Of course, they can lower their delivery costs by making better use of their supply. There are dozens of supply-side optimisations that any on-demand business can do. And the more volume one does, the lower their quantum spend, because both fixed costs and variable incentives can be spread across orders. The more Blinkit grows, the better Zomato can drive utilisation.

But how much more?

Zomato will still need some demand-side incentives. How do they get restaurants to subsidise orders? Participate in discounts. Run more ads. Even carry more inventory as demand scales.

How can Zomato help with working capital for restaurants?

Lending.

Microsoft and Google invested billions and got their money back through infrastructure spending.

Zomato does not have the balance sheet/free cash flow to do that.

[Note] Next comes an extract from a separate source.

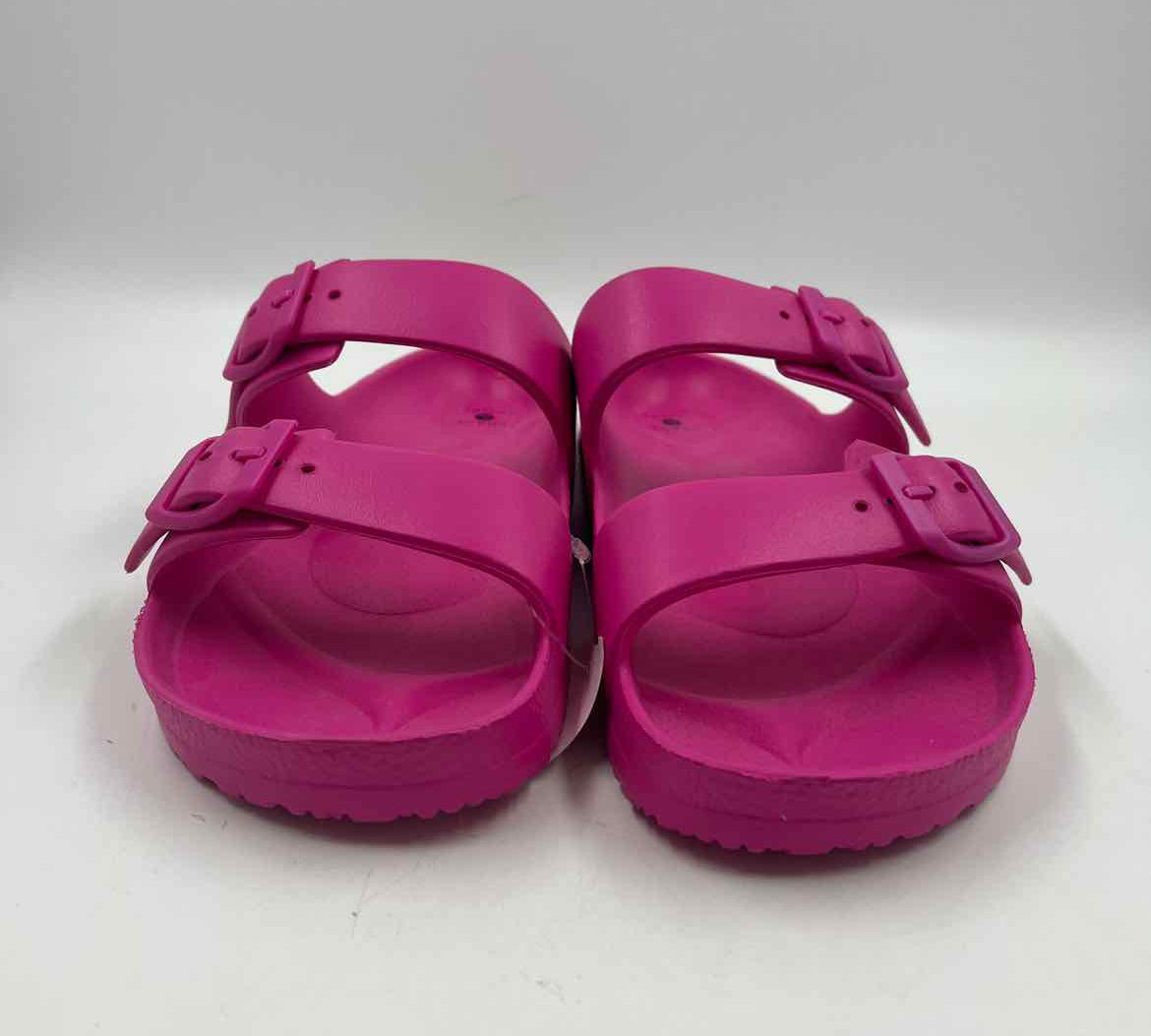 Shade & Shore Women's Shoe Size 10 Pink Solid Sandals
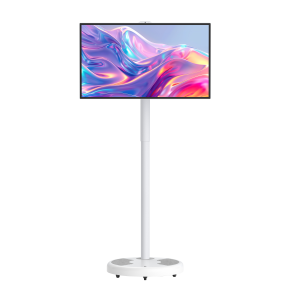 Portable Smart TV with Stand & Battery | Mobile Smart Screen FVASEE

But they can definitely partner with NBFCs to help their merchants with their working capital needs.

That money will come back to them. Merchants will order raw materials through Hyperpure. They will advertise on Zomato. They will even subsidise discounts to create demand.

If I were Zomato, I would even put a clause in these loans so that most of the money is used through the Zomato ecosystem and not through Swiggy. Can they do that? Who knows. The investment in cloud companies definitely came with clauses around infrastructure spending through them.

This is pure guesswork at this point, but my guess is that over the next few years, Zomato will make a big push into lending. First to restaurant merchants, and then to Blinkit franchisee owners.

P.S. I don’t work at Zomato and most of my posts are about what I would have done had I been in charge of a company’s strategy. That’s why despite Zomato recently withdrawing their lending licence, I still feel they will eventually go after lending.Toast has done the same in the US.